## Your goal
Within the records below is a range that opens at the line with "Create an image" and closes at the line with "Joanna | Women's Cute Kitten Art Print Shirt". Return that range word for word, both ends included, and only that range.
--*--
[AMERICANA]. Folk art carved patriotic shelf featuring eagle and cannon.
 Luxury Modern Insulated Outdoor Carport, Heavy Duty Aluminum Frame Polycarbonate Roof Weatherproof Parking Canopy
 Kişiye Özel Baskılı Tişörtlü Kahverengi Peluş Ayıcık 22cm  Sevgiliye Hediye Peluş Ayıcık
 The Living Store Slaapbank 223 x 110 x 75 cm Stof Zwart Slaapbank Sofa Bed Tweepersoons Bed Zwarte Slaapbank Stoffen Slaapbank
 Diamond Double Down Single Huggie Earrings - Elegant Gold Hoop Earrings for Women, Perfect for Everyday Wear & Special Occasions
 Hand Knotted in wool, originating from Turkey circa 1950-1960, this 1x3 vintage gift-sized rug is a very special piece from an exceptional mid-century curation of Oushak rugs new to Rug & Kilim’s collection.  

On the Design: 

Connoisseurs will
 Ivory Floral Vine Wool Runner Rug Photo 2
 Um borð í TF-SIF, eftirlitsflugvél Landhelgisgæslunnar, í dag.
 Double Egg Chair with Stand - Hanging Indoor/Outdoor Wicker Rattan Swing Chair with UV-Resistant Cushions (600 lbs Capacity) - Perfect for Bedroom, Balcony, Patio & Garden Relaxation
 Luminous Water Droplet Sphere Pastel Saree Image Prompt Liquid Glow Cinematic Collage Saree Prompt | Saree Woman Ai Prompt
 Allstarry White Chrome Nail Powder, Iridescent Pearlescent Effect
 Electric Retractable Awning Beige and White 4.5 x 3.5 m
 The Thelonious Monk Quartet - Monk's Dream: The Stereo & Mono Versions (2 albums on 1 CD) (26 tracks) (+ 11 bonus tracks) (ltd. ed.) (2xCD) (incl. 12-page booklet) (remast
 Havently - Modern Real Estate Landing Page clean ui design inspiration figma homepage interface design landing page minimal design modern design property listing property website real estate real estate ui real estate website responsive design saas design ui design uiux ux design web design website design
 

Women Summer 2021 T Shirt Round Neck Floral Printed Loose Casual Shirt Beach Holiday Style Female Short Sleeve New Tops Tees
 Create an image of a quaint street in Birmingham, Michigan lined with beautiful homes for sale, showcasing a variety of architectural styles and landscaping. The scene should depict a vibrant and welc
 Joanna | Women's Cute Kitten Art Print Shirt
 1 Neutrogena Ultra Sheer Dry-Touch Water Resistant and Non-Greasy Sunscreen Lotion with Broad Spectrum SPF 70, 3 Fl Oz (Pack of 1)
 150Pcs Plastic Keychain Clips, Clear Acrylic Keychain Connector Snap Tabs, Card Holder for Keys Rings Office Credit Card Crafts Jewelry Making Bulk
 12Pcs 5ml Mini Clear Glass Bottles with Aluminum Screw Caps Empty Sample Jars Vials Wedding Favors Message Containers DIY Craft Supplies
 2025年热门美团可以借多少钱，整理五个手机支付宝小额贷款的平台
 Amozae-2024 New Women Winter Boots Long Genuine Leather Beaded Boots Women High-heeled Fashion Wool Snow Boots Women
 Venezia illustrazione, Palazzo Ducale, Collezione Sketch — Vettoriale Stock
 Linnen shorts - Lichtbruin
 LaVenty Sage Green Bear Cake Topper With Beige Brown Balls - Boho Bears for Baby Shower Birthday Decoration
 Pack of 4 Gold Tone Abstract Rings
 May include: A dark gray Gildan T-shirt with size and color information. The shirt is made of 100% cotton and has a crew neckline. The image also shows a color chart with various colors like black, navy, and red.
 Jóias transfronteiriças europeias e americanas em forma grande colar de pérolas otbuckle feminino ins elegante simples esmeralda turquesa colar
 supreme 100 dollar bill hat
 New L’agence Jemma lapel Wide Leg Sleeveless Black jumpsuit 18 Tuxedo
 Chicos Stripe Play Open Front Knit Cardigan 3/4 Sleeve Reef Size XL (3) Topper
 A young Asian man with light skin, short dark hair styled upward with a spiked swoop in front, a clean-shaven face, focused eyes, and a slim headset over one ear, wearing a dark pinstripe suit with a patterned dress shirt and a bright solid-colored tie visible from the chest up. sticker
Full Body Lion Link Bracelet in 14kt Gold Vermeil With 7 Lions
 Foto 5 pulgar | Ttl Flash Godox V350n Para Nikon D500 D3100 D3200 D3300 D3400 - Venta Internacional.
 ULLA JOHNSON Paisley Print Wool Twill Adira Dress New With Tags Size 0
--*--
## Exercise answer
 Create an image of a quaint street in Birmingham, Michigan lined with beautiful homes for sale, showcasing a variety of architectural styles and landscaping. The scene should depict a vibrant and welc
 Joanna | Women's Cute Kitten Art Print Shirt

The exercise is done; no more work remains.